Researching Culture Aspects of OB

Specialties Ob/Gyn

Published

Hi,

I am trying to find reasearch on Indian (from India, not Native American) women and their beliefs/ practices / customs surrounding pregnancy and childbirth. Any help (websites, books, etc) would be appreciated.

thanks,

from another fatigued, but loving it nursing student!

tiff

Hmm, Don't know of any sites specifically for this. I do take care of many Indian patients, as my city has a fairly large Indian population. We also have a few Indian OB's. Also I love Indian culture, movies, music, art, and history. I'll put in my 2 cents for what its worth.

First off India is a huge country and culture varies quite a bit. The British occupied India for a long time so Indians are pretty familiar with western culture and ideals.

There is also a culture of American born 1st generation Indians. Most American born Indians are very American and often you can see that they struggle to reconcile their family’s traditional values with their own American culture.

Most Indians (that were raised in India) are fairly spiritual. The main religion in India is Hinduism which contains of allot of different denominations. There are also Christians, Muslims and Seeks (not sure if I’m spelling that right).

Indian culture varies allot based on what area of India they come from and what religion they are. Most of the Indians I have cared for have some similar cultural characteristics. I do hate to generalize so please take these observations with a grain of salt and realize that people are all different.

Indians seem to have a pretty strong respect for healthcare providers. I have in the past noticed that many of them expect that the Doctor and nurse will tell them what they need to do. Often when I offer them choices they are at a bit of a loss, and prefer to just do what ever the doctor thinks is best.

Choices on pain medication seem to be about the same as American women with some taking epidurals and some choosing not to. Indian women do tend to be very expressive of pain and often vocalize. I have never had an Indian patient who I would describe as stoic.

It is a bit of a patriarchal culture still the husbands are usually very caring and sympathetic of their wives.

I used to ask if there were any cultural considerations or wishes but never got any requests. Indian patients seem to just want to blend in and sometimes are reluctant to share information about their culture. I really enjoy taking care of people from India because they usually very friendly and they love their children so much. I've never had a problem with Indian patients not wanting a male care provider.

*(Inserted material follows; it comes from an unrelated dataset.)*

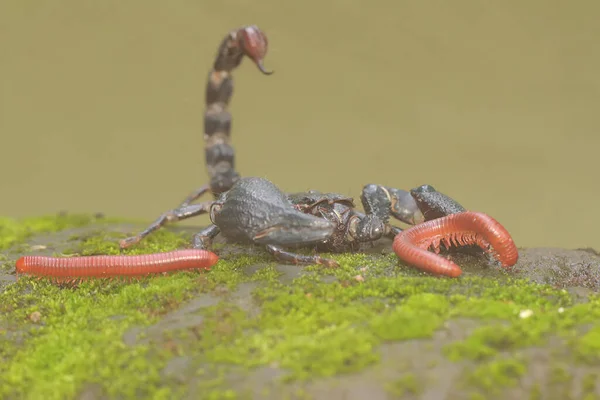 Een Aziatische Bosschorpioen Eet Een Klein Insect Dit Stekende Dier — Stockfoto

Arranged marriages are frequent, couples that were born in India seem to accept this as a way of life and although it's a different way of thinking about love, for the most part I see a strong love and respect between couples. America born arranged couples don't seem to have an easy time of it. I have had a few patients tell me that they feel like they are married to a stranger and have gotten that feeling from the way they interact.

Indians from India will usually want their mother or sisters in the room and will be a bit sad if they don't have family with them here in the US. The patients extended male family and friends will often be in the waiting room and are very respectful of the patient’s privacy. Husbands stay in the room for delivery and do support their wives very well.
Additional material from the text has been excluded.